GOAL OF THE EXERCISE → Copy exactly the stretch of lines from the one holding "Men Amethyst Beaded" through the last line of the data below, inclusive. Leave out pictures.

DATA SECTION →
----

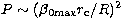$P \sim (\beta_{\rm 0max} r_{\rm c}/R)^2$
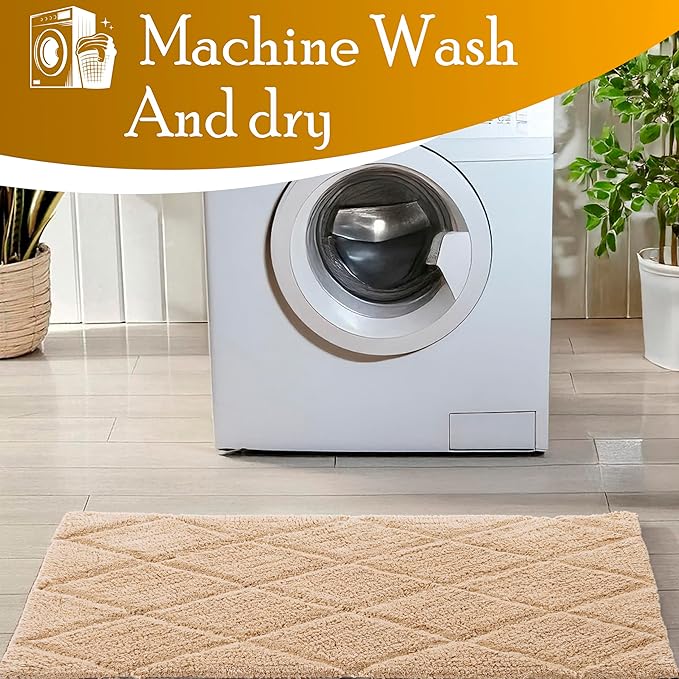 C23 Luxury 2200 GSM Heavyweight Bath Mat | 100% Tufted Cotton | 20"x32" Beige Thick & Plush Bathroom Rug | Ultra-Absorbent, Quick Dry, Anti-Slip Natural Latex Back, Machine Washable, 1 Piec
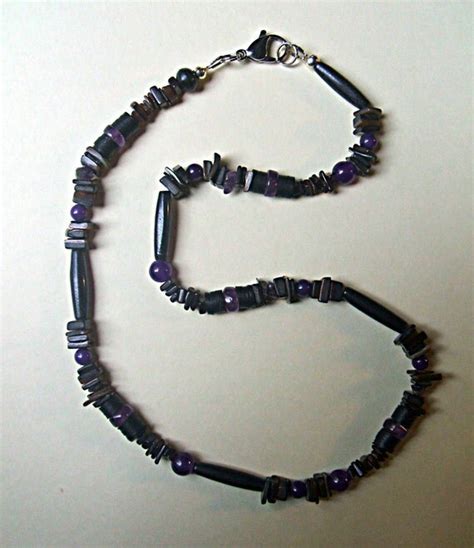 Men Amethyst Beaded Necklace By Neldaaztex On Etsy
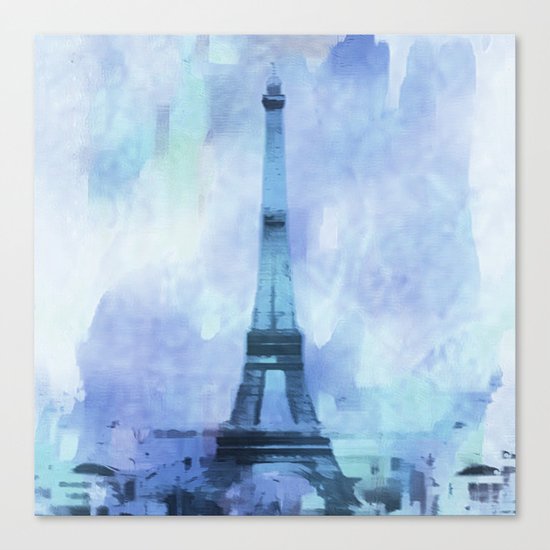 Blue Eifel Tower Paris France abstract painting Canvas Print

----

FINISHED EXERCISE →
 Men Amethyst Beaded Necklace By Neldaaztex On Etsy
 Blue Eifel Tower Paris France abstract painting Canvas Print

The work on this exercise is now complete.